13 Oca 2011

Haksız olan kim?


Haksız olan kim?
 
   Hayvanlarla ilgili sorunların, eleştirilerin, konuyu bilen bilmeyen herkesin ağzında olduğunu görüyorum. Aman Allah ortalık toz duman; birbirlerini suçlamalar, atışmalar ve hatta mahkemelik durumlar, bu hal sadece hayvanı sevenle sevmeyenler arasında değil ne yazık ki. Hayvan korumacılar da kendi aralarında fraksiyonlara ayrılmışlar! Evet, acı ama böyle.
   Birileri kalkıp hayvan sorunlarını dünya çapında eleştirmeye, bu bağlamda Peta gibi örgütlere başvurmayı savunuyor bir diğeri de ülkemizde kendi kendimize çözüm bulmalıyız diyor. Birileri aşıla kışırlaştır sal diyor diğer grupsa kısırlaştırma soykırımdır diye haykırıyor. Bir gurup hayvanların özgür ortamda yaşamasını yeğlerken diğerleri korunaklı barınaklar diyor.

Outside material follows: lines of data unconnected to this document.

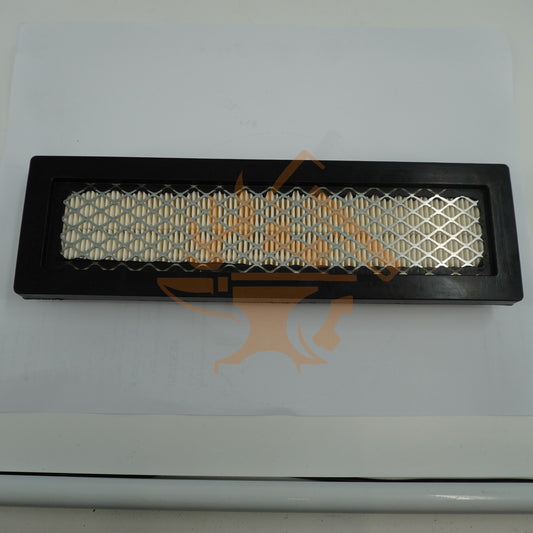 Fresh Air Filter 7313306 for Bobcat Loader S64 S66 S76 T62 T64 T66 T76 S62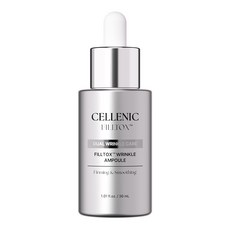 셀레닉 필톡스 주름앰플, 1개, 30ml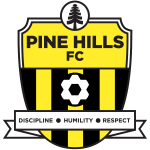 Pine Hills FC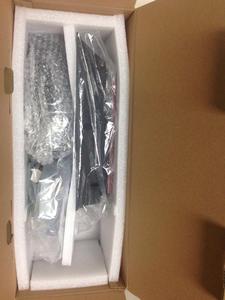 <span class=keywords><strong>Lecteur</strong></span> multimédia système Android 13 avec écran anti-<span class=keywords><strong>blu</strong></span>-<span class=keywords><strong>ray</strong></span> de 12.3 pouces pour Lexus RX 220t 450h (2016-2018 Original 8 '') - Product Image 5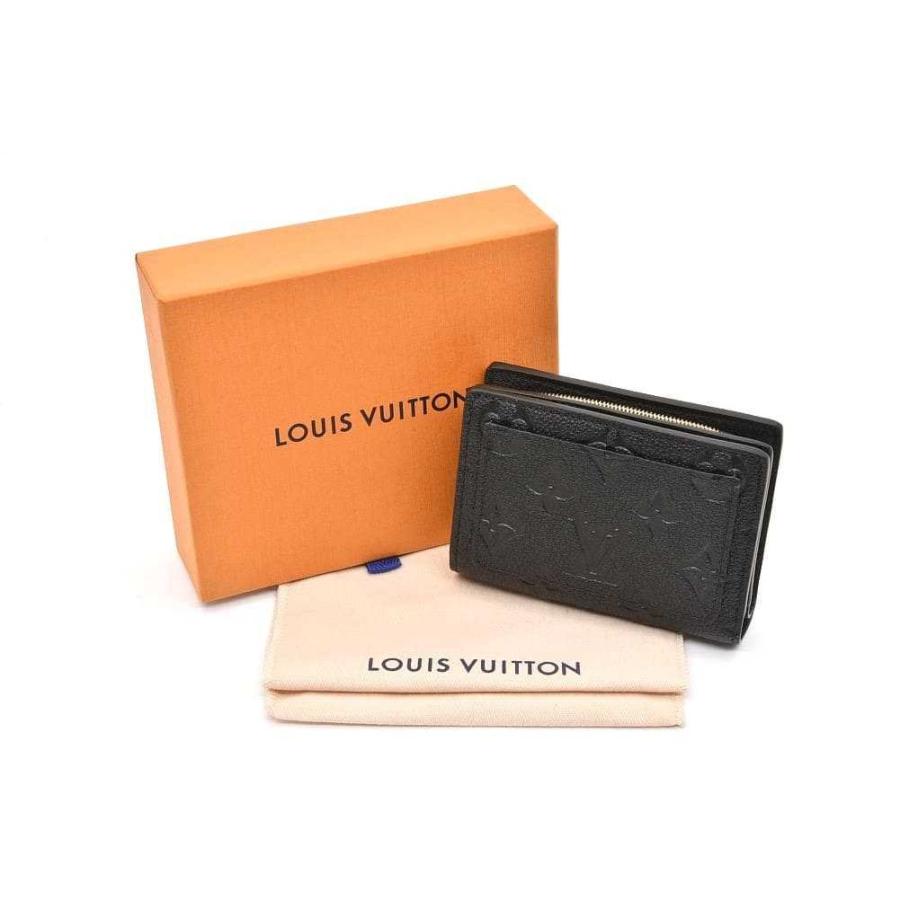 LOUIS VUITTON（ルイ・ヴィトン） ヴィトン モノグラム アンプラント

   Daha neler neler; mesela hayvan haklarını korumada kurumlarla olan yazışmaların içeriği, üslubu konusu büyük ayrışmalara, kavgalara yol açıyor; kimi çok sert yazıyorsun öyle olmaz derken diğer bir kesim onlar ancak bu dilden anlar diyor. Barınakların nasıl olmaları gerektiği konusu da bir ayrı münakaşa konusu.

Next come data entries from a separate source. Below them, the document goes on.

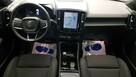 Volvo XC 40 73kWh P6 Recharge Plus ! Z Polskiego Salonu ! Faktura Vat ! - 14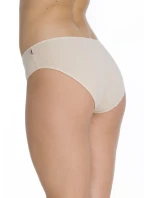 Dámske nohavičky LPR 110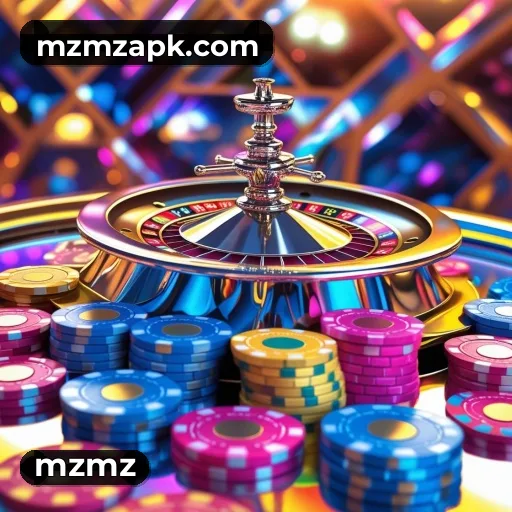 slot_Jackpots
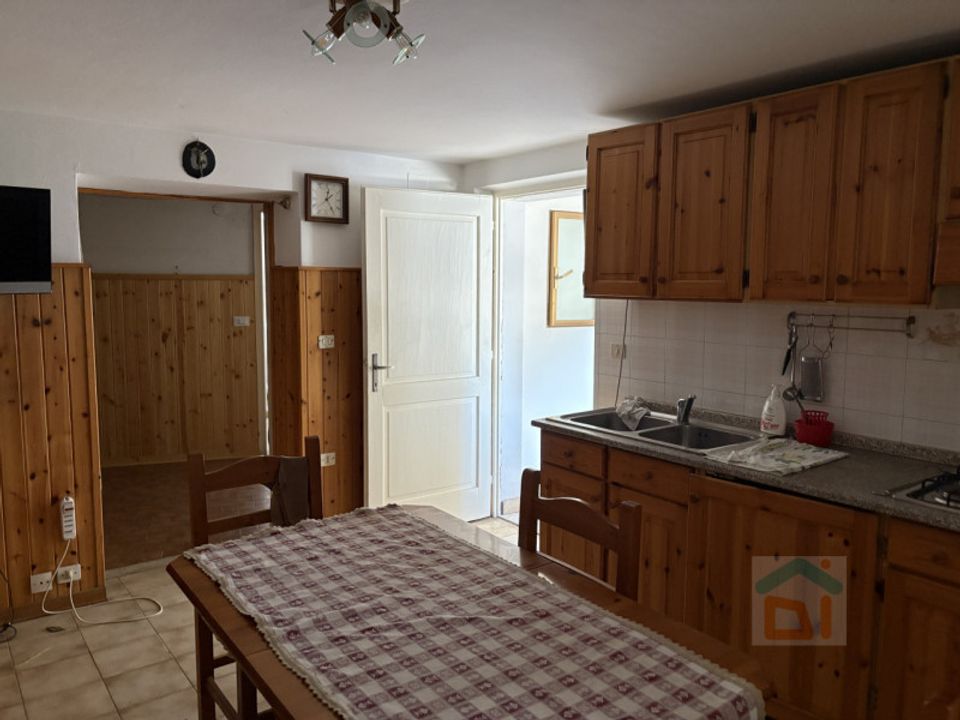Reihenhaus in Aiello del Friuli, Udine - Foto 3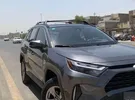 تويوتا ‏راف فور ‏XLE ‏2022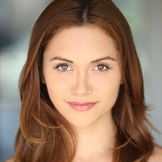 Imagen del artista Alyson Stoner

   Hayvan korumacılar adlarını başka başka şekillere de dönüştürüyorlar. Neyse işte ben yine herkesin bildiği gibi, senelerin alışkanlığı hayvanseverler diyeyim. Kendi aralarında böyle dövüşüp dururken, öte yanda hayvan sevmezler, hatta hayvan düşmanları bu gruptaki herkese bayrak açmış durumda.

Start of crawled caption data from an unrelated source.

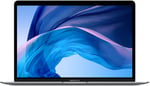 Macbook Air Apple 13" CI5-1035G4/16GB/256GB, Mac OS Catalina, Z0YJ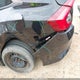 19XFC2F56GE096511 2016 Honda Civic Lx auction photo thumbnail 6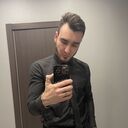 ���������� ���������� �����, ���� ������� ������, 30 ���, ������������ ��� ������, ����� � ���������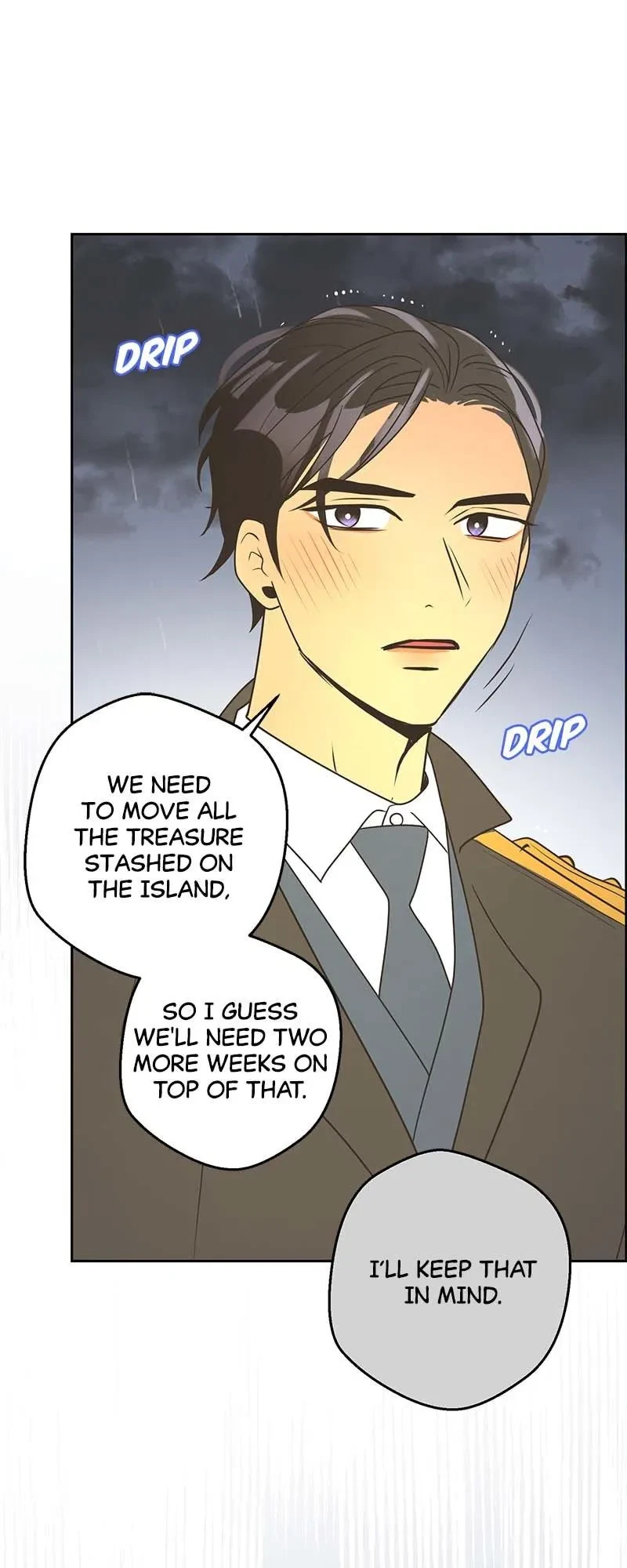 Chapter 74, page 54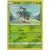 Forbidden Light - Skiddo Reverse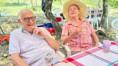 /album/ee-juin-2025-rando-repas-a-st-hippolyte/f-124-a-1-jpg/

   Dışarıda bir kuytu köşede bir garibe yem vermeye kalksanız türlü tehdit hatta hakaretle karşılaşıyorsunuz, apartmanınızın bahçesinde iki kediciğe kol kanat gerseniz yönetim kurullarına şikayetler, belediyelerden yeterince yüz bulamazlarsa kendileri fare zehirleriyle, sopalarla, dayakla, taşla başlarını ezerek itlaf yapanlar…
 
   Bir toz duman, bir arbede, hiç bitmeyen hiç bitmeyecekmiş gibi görünen savaş. Hayvan karşıtları canların yaşam haklarına karşı “insan hakkı” diye çıkıyor; “bizim çocuğumuz okuluna gidemiyor, bizim hakkımız ne oluyor, kedilere verdiğiniz yemekler sinek yapıyor, aşk çağrıları geceleri uykumuzu bölüyor”. Yok mikroptu yok kuduz tehlikesiydi.. Söylemeyi istedikten sonra söylenecek şeyler çok bulunur di mi?
   Günlerdir gecelerdir düşünüyorum, hayatım boyunca canların yaşam haklarını savunmuş birisi olarak acaba demeğe başladım nedir, kimdir yanlış olan? Ben bu kadar hararetle bu canların yaşam haklarını savunurken ıskaladığım gözümden kaçırdığım şeyler oluyor mu acaba? Gerçek doğru, gerçek haklı kim?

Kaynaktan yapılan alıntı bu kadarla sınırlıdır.